Gerald Gitner (CAS’66) and the night sky
Until October 2014, Gerald Gitner, an energetic, accomplished airline executive (he founded an airline and led two) and now a private investor, would probably not have called himself a stargazer.
But that month, he joined 12 other BU alumni who traveled to Flagstaff for three days to look at Arizona’s night sky through two BU-supported telescopes—the Perkins Telescope, run in part by BU at the Lowell Observatory, and the nearby Discovery Channel Telescope, financed in part by BU and operated by the Lowell Observatory. What Gitner came home with was a set of impressions—not just of a stupendous canopy of stars (untainted, in Flagstaff, by urban light), but of his fellow alums, and of BU’s provision of an unforgettable learning experience.
“I’d studied astronomy at BU years ago to fulfill a science requirement,” Gitner says about his decision to attend. “But I’d never been in an observatory. The trip sounded fascinating.”

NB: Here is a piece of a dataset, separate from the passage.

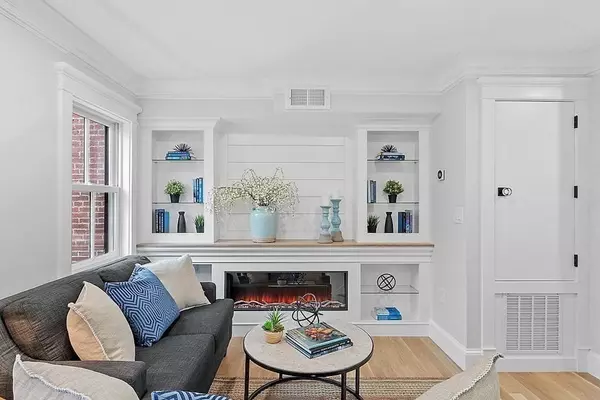 24 Center Street #D, Newburyport, MA 01950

BU astronomy professors Dan Clemens and Andrew West guided the amateur observers, and Gitner says they provided the alumni group with a good grounding in basic astronomy. The experience ended up being
powerful, celestially and otherwise. “Being out there at night, seeing the stars in the middle of nowhere, and having somebody with us who knew what to look for” was an illuminating experience, Gitner says. “I’d heard all my life about the Big Dipper and the Little Dipper. Think I could have picked them out on my own? I’ve lived in urban environments my entire life—I’m lucky if I get to see the moon!”
The trip, Experience: Space Beyond Earth, was the first in a new series of intensive educational programs offered by the BU Alumni Association. The programs all aim to provide alumni with access to BU sites and professors and their work worldwide.
The trip included some sweet serendipity for Gitner.
“Many years ago,” he says, “my wife Deanne and I established an annual prize called the Gitner Prize for Distinguished Teaching. And lo and behold, Andrew West, a BU assistant professor on the Flagstaff trip, introduced himself to me and said, memorably, ‘Are you the Gitner?’ I said, ‘What are you talking about?’ And he said, ‘Are you the Gitner…I won this teaching prize at BU…’ And I said ‘Wow! You’re the first awardee I’ve ever met!’ It was just amazing. All of a sudden, here was a new connection. Here was someone who got the benefit of our endowment, and he’s prospering and succeeding.”
“The most important part of the whole Flagstaff experience,” says Gitner, “was the people. They all cared, they all enjoyed it, they all learned.
“And now I’m looking forward to hearing about BU’s next exciting journey!”